PROBLEM> Please output all the entries word for word, without the pictures.

MATERIAL FOR THIS TASK>
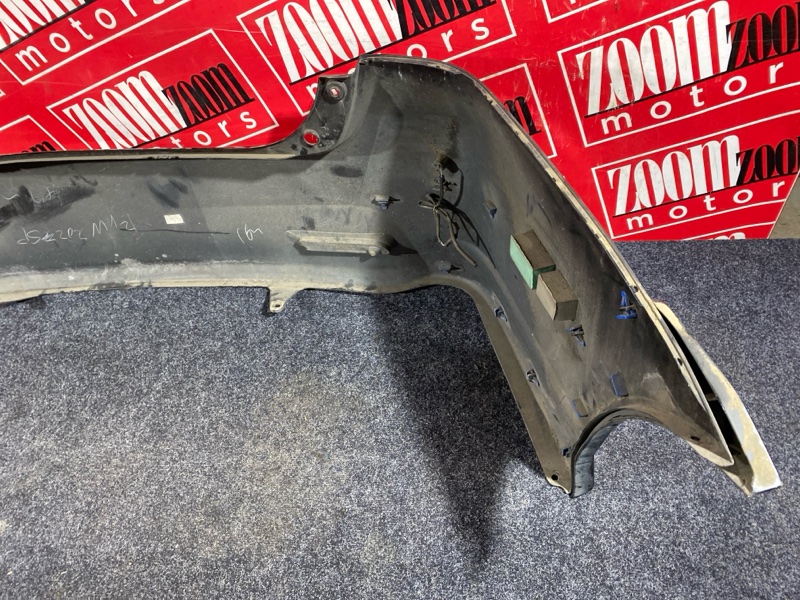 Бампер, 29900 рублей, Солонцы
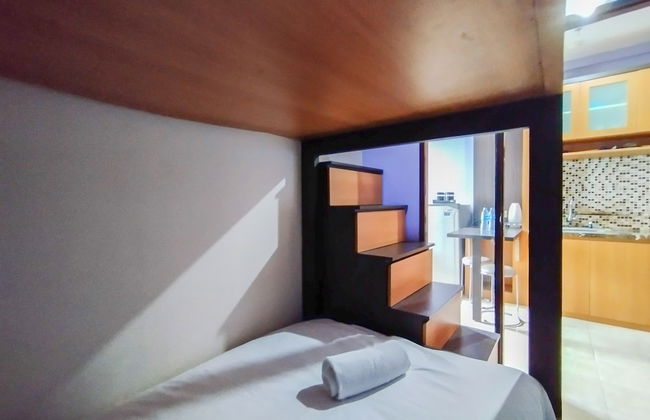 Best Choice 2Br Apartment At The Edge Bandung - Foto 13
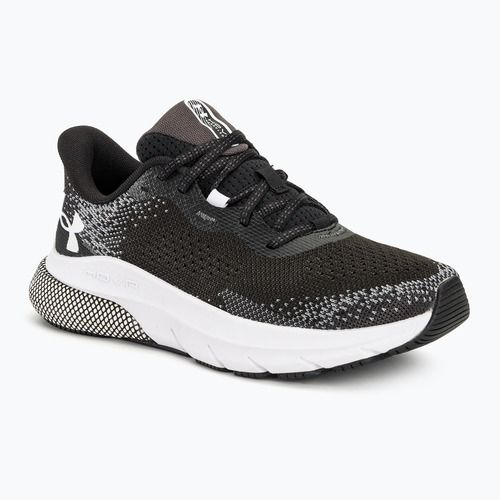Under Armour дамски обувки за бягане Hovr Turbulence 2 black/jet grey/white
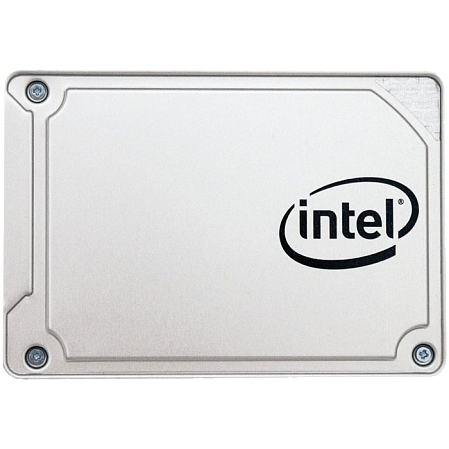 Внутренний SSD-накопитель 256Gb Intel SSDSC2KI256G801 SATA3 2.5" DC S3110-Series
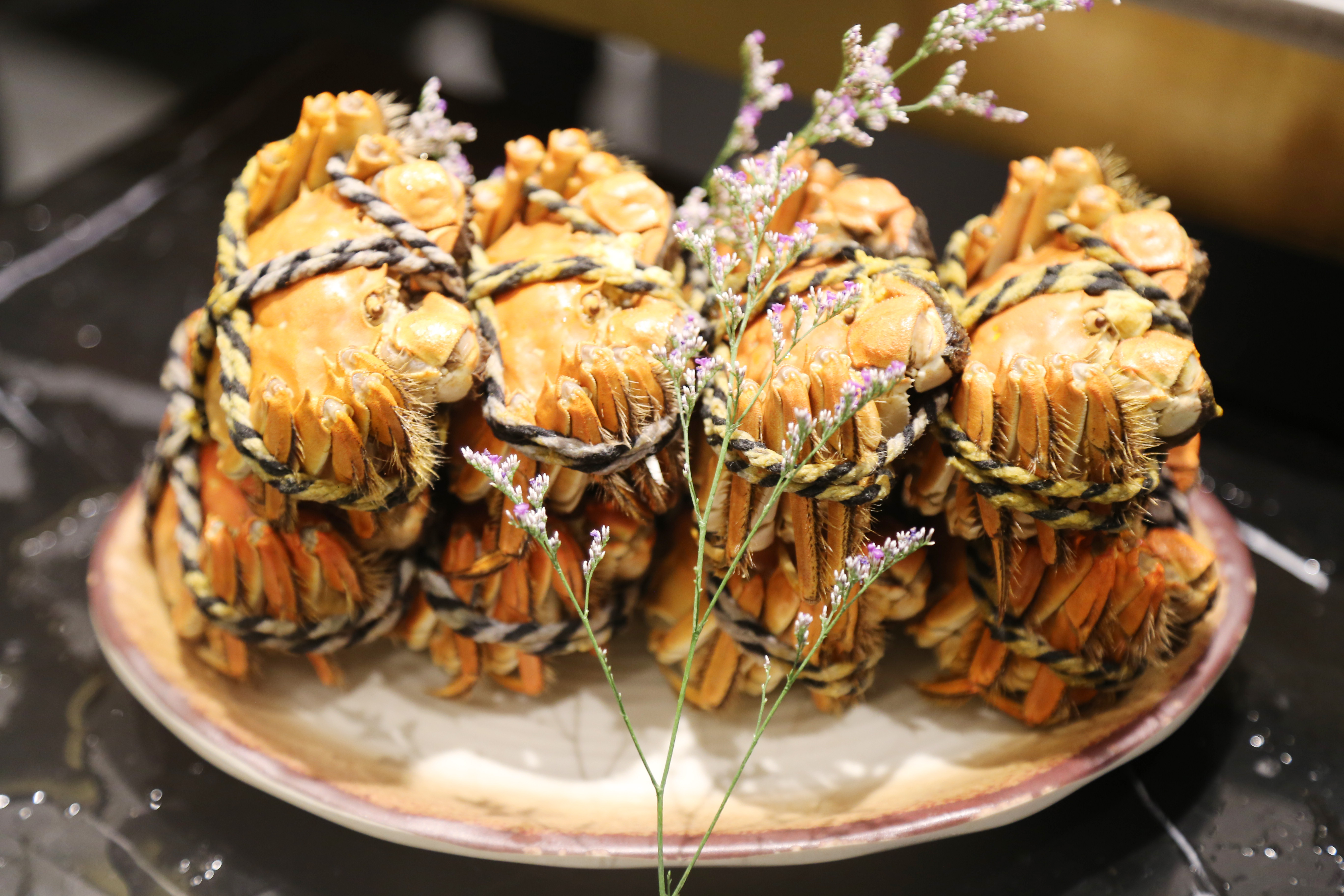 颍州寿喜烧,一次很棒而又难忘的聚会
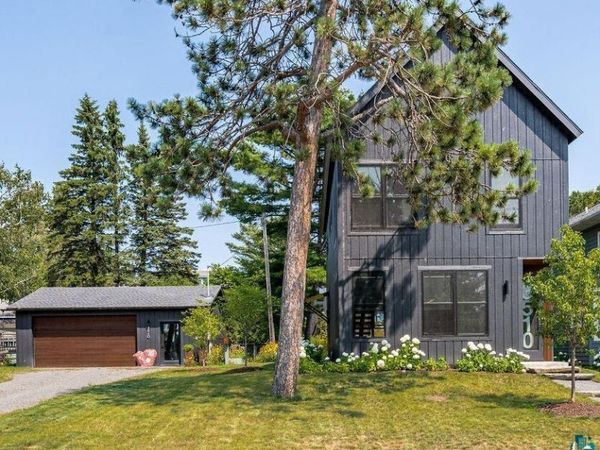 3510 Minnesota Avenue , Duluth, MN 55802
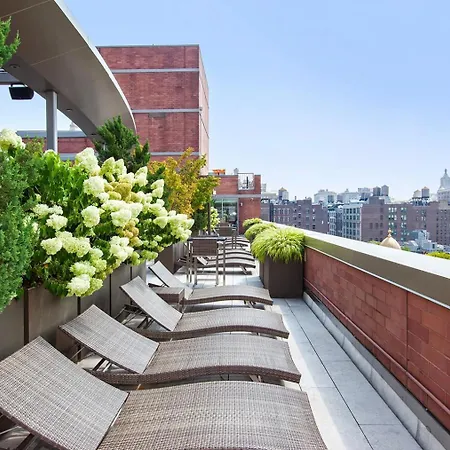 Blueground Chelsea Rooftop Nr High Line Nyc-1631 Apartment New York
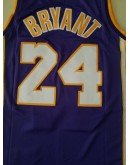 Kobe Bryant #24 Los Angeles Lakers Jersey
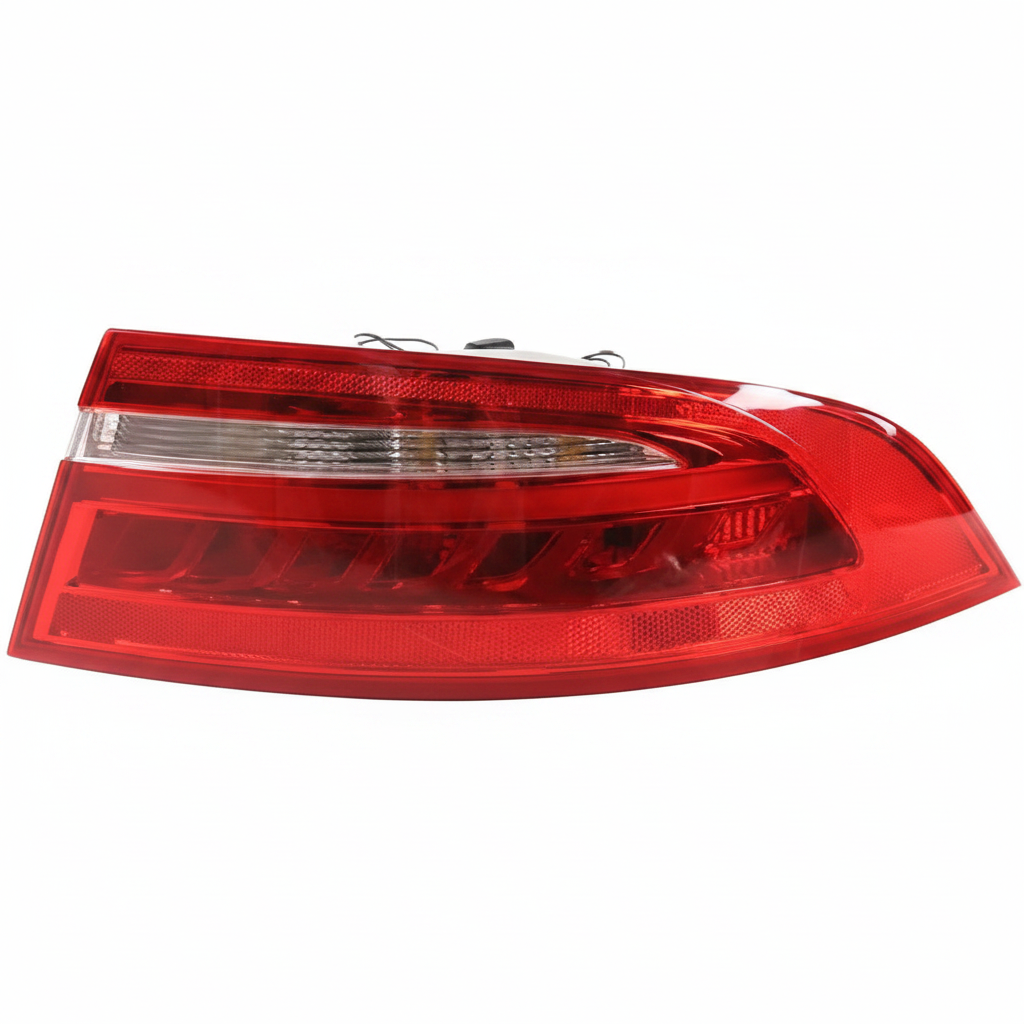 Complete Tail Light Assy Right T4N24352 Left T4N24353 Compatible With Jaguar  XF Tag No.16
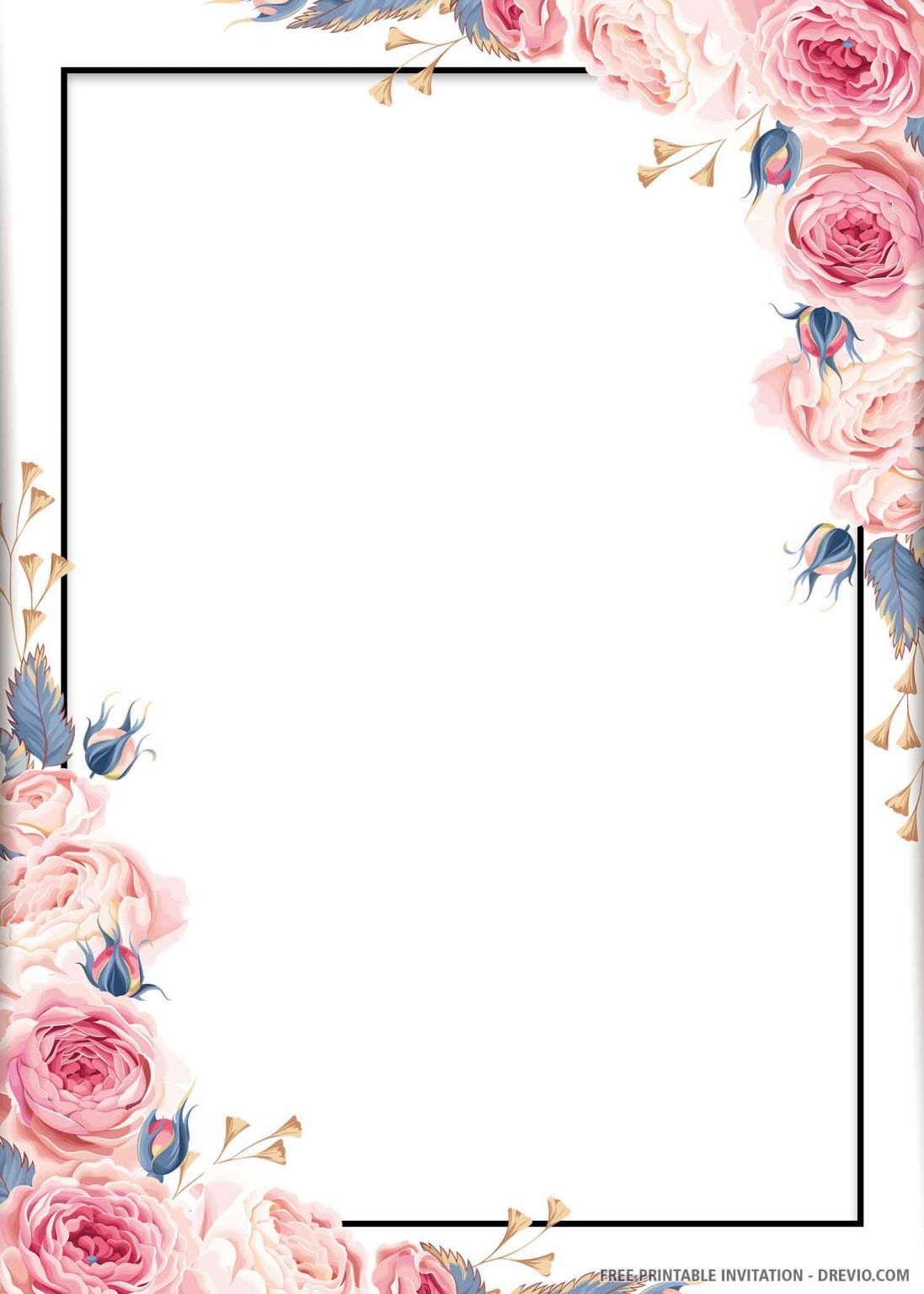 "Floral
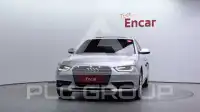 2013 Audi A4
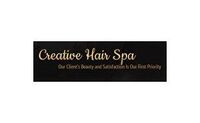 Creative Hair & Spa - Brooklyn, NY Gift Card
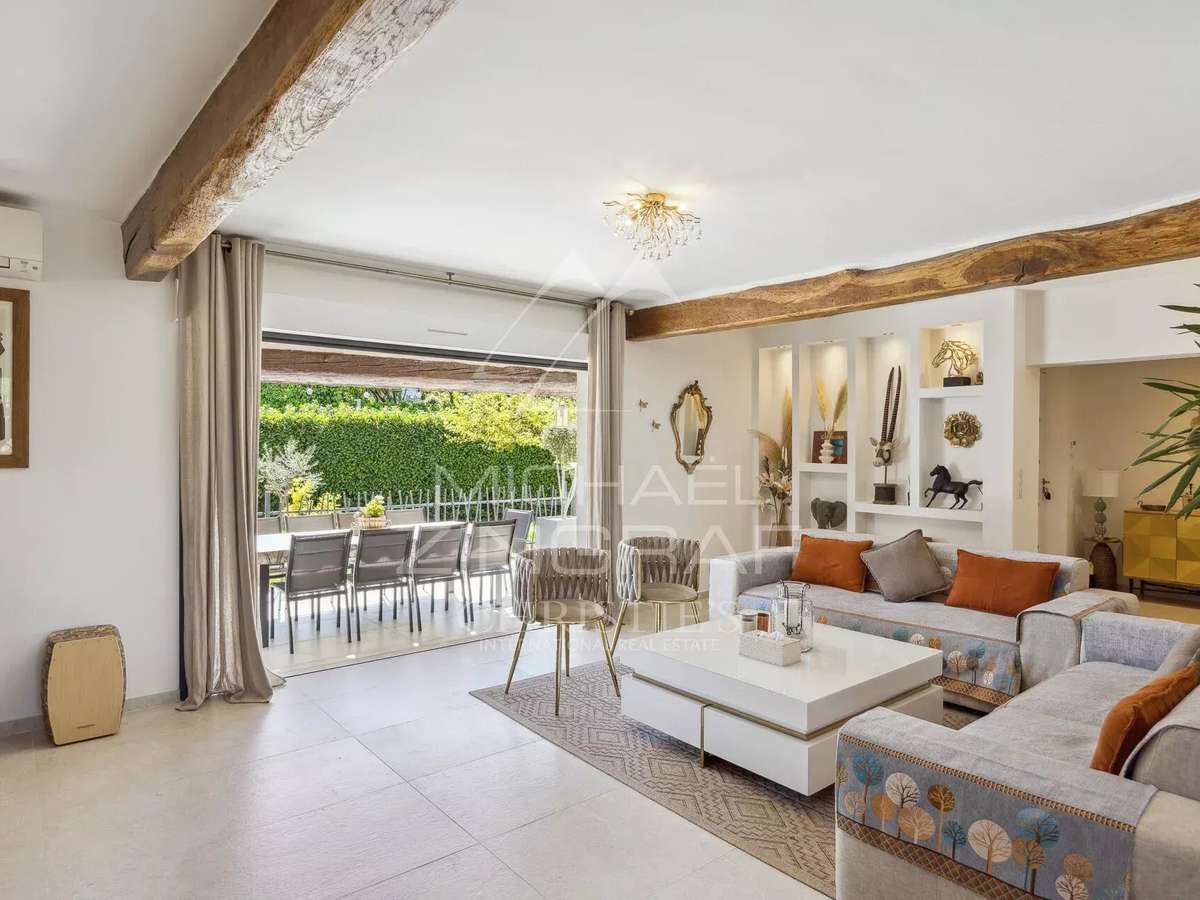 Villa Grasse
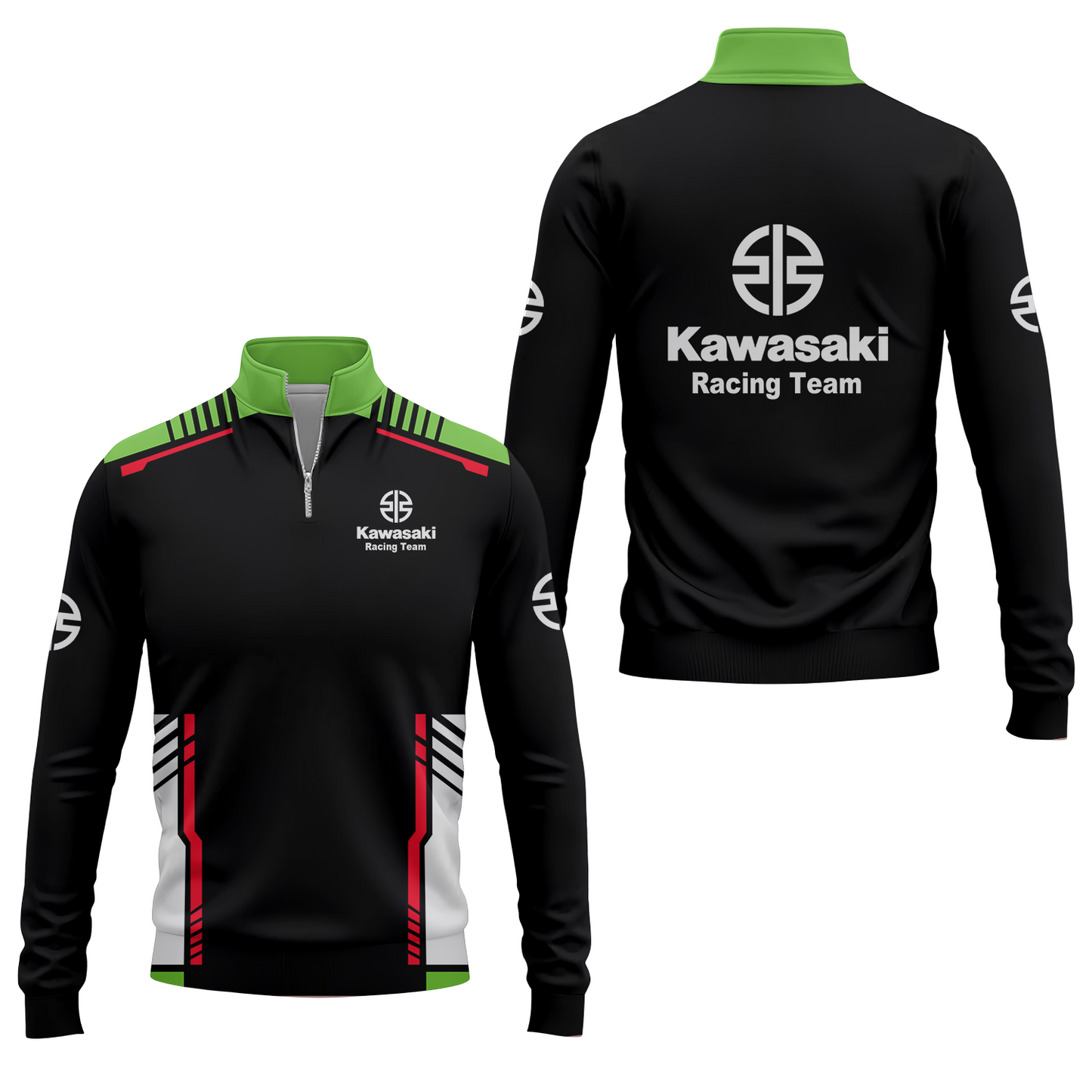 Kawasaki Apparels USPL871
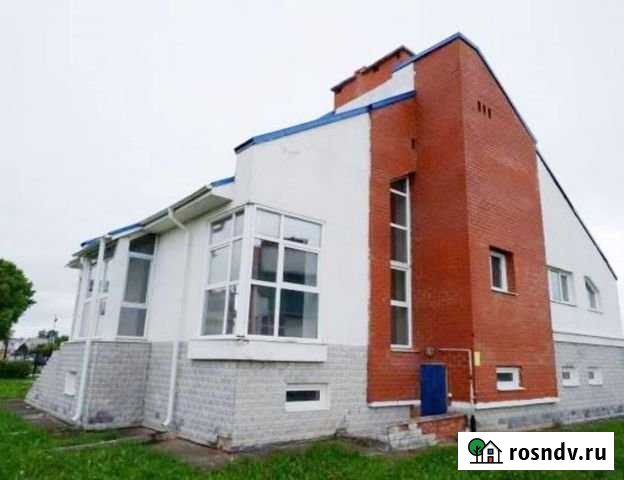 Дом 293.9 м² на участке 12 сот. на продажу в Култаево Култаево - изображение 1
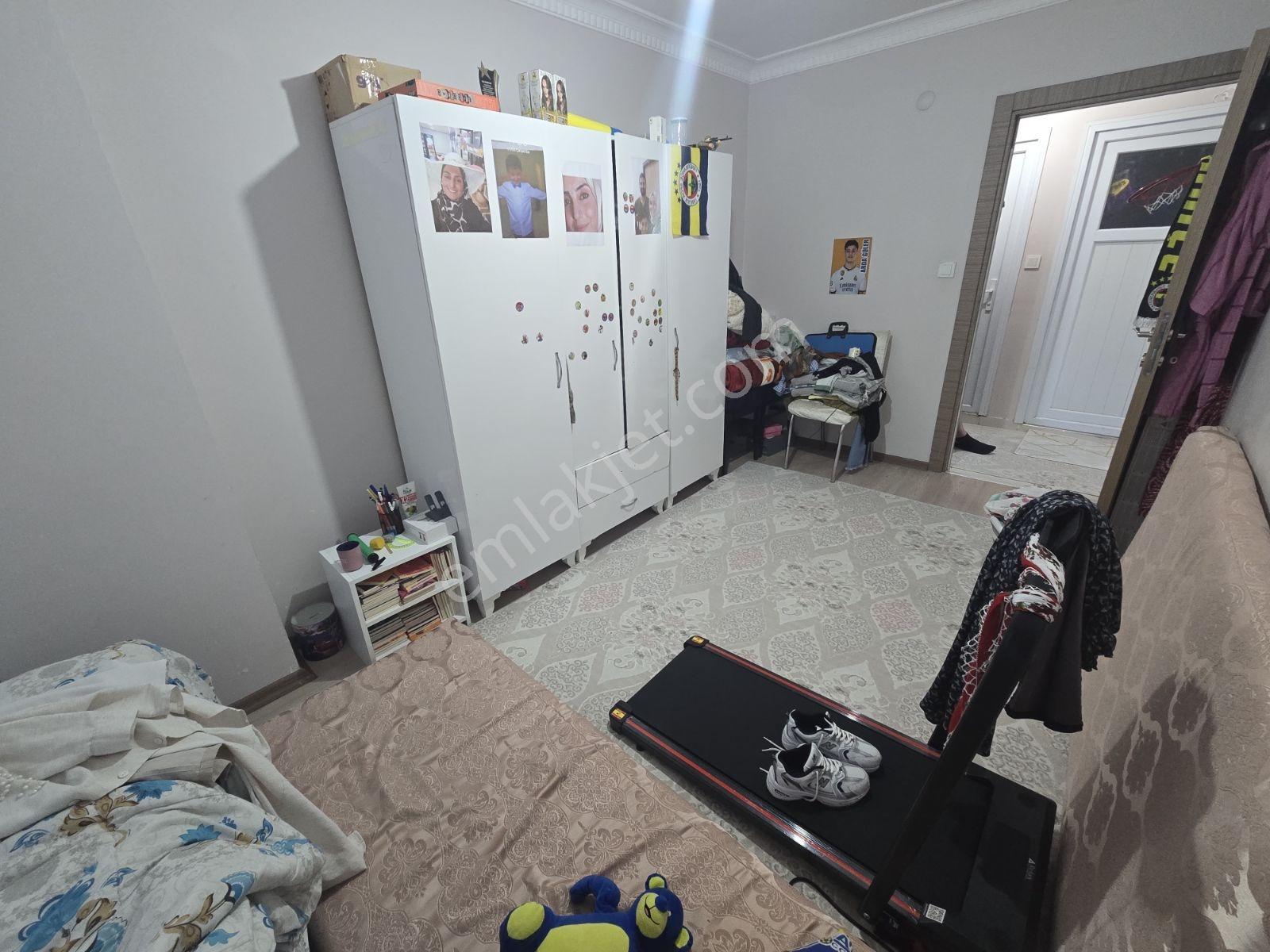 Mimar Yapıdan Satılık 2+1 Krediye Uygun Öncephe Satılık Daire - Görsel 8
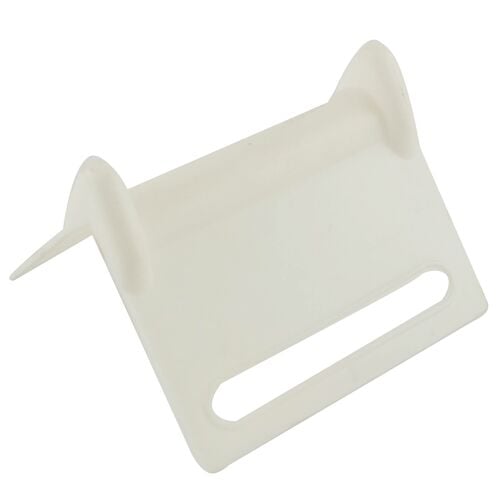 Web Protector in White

RESPONSE BOX>
 Бампер, 29900 рублей, Солонцы
 Best Choice 2Br Apartment At The Edge Bandung - Foto 13
Under Armour дамски обувки за бягане Hovr Turbulence 2 black/jet grey/white
 Внутренний SSD-накопитель 256Gb Intel SSDSC2KI256G801 SATA3 2.5" DC S3110-Series
 颍州寿喜烧,一次很棒而又难忘的聚会
 3510 Minnesota Avenue , Duluth, MN 55802
 Blueground Chelsea Rooftop Nr High Line Nyc-1631 Apartment New York
 Kobe Bryant #24 Los Angeles Lakers Jersey
 Complete Tail Light Assy Right T4N24352 Left T4N24353 Compatible With Jaguar  XF Tag No.16
 "Floral
 2013 Audi A4
 Creative Hair & Spa - Brooklyn, NY Gift Card
 Villa Grasse
 Kawasaki Apparels USPL871
 Дом 293.9 м² на участке 12 сот. на продажу в Култаево Култаево - изображение 1
 Mimar Yapıdan Satılık 2+1 Krediye Uygun Öncephe Satılık Daire - Görsel 8
 Web Protector in White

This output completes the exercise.